Your instructions — Restate, exactly and without pictures, the lines from the start of the listing below through the line holding "5.พระหูยาน หลังจปร. (รุ่นปืนแตก)".

Exercise input —

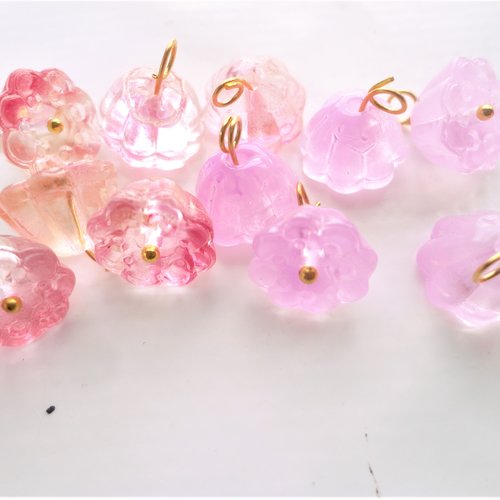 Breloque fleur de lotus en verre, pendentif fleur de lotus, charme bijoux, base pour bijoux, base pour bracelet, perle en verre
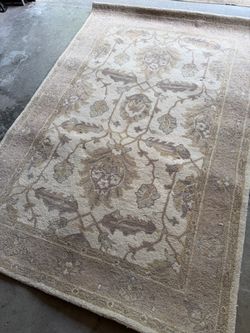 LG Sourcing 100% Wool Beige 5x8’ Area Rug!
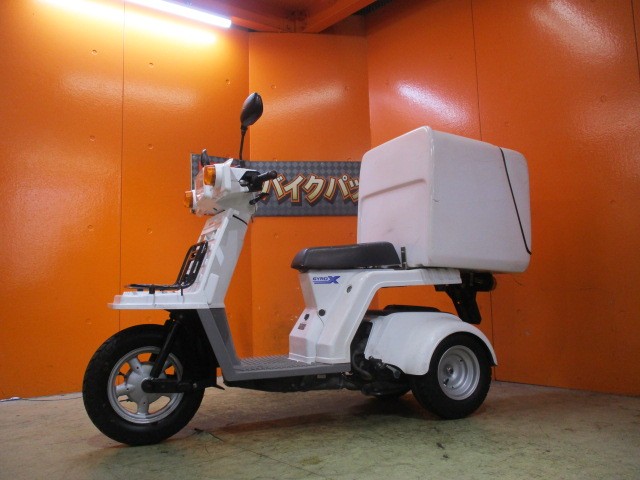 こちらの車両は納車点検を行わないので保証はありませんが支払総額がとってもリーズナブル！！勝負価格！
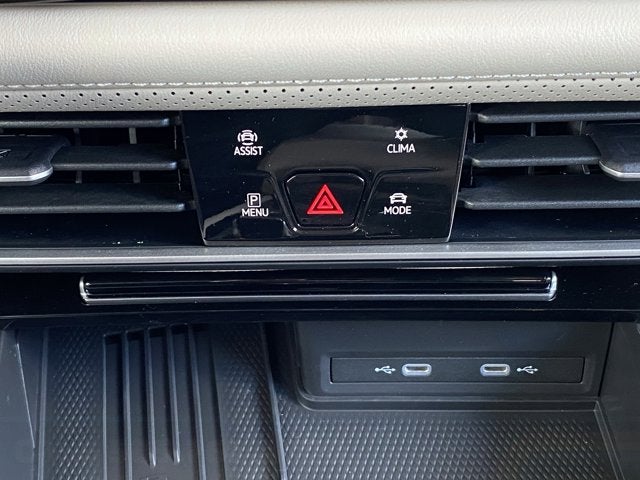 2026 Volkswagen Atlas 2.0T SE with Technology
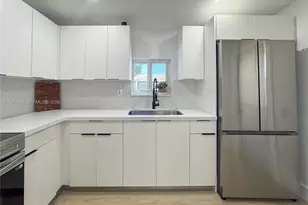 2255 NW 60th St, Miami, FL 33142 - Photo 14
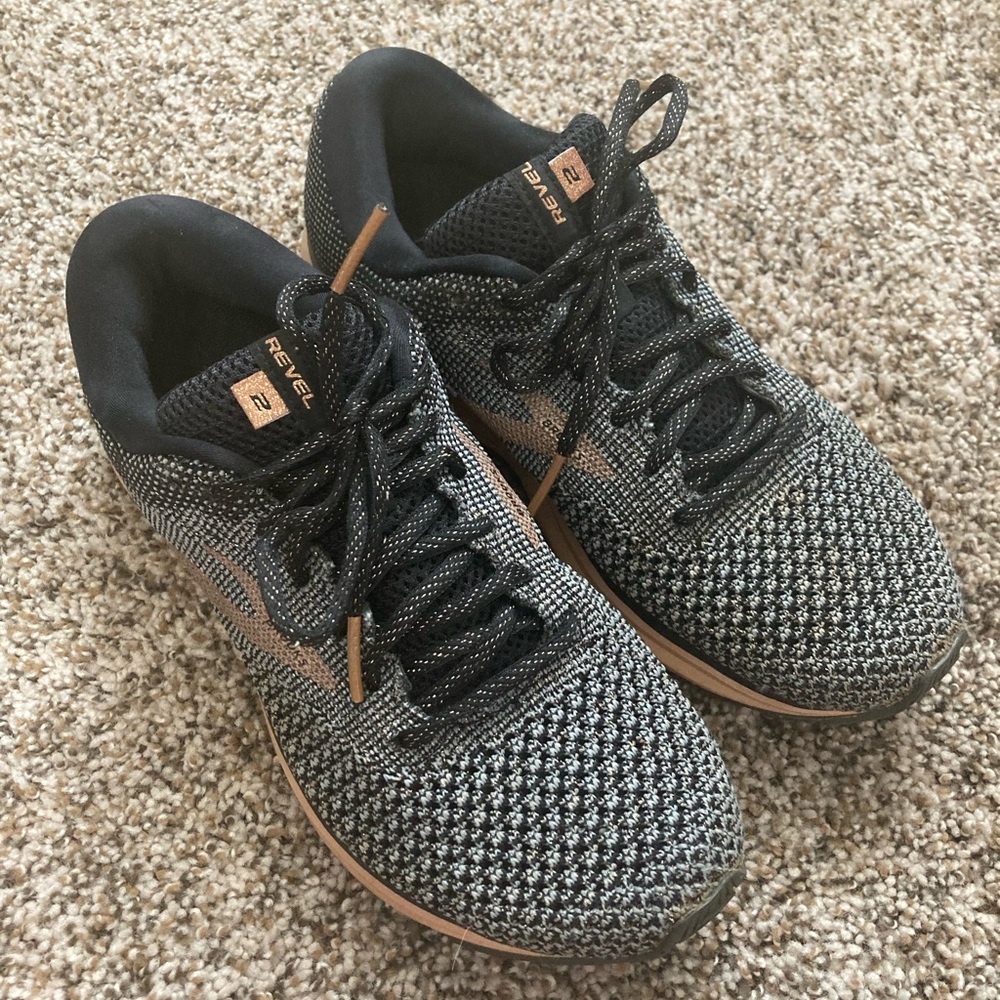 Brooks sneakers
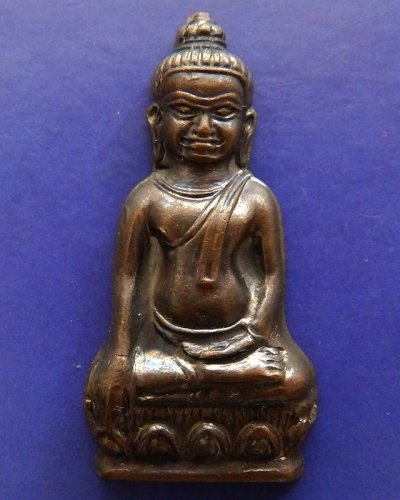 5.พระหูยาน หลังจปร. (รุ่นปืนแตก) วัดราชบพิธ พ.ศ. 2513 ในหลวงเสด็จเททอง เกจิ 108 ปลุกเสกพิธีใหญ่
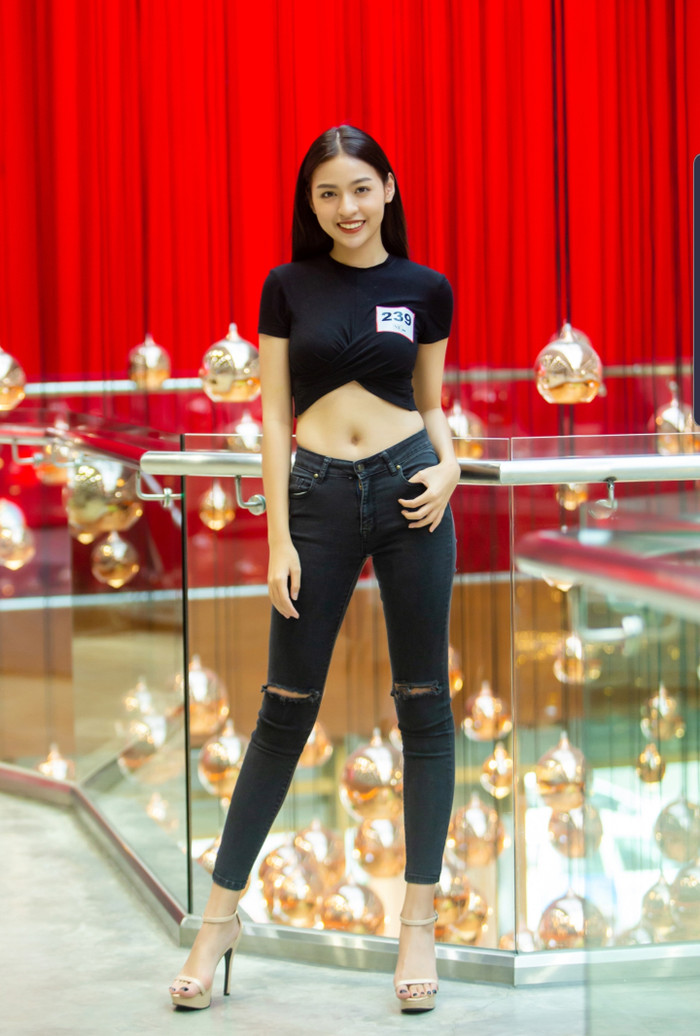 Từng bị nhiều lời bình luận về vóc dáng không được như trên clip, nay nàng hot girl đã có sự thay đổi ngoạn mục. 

Answer to this problem —
 Breloque fleur de lotus en verre, pendentif fleur de lotus, charme bijoux, base pour bijoux, base pour bracelet, perle en verre
 LG Sourcing 100% Wool Beige 5x8’ Area Rug!
 こちらの車両は納車点検を行わないので保証はありませんが支払総額がとってもリーズナブル！！勝負価格！
 2026 Volkswagen Atlas 2.0T SE with Technology
 2255 NW 60th St, Miami, FL 33142 - Photo 14
 Brooks sneakers
 5.พระหูยาน หลังจปร. (รุ่นปืนแตก) วัดราชบพิธ พ.ศ. 2513 ในหลวงเสด็จเททอง เกจิ 108 ปลุกเสกพิธีใหญ่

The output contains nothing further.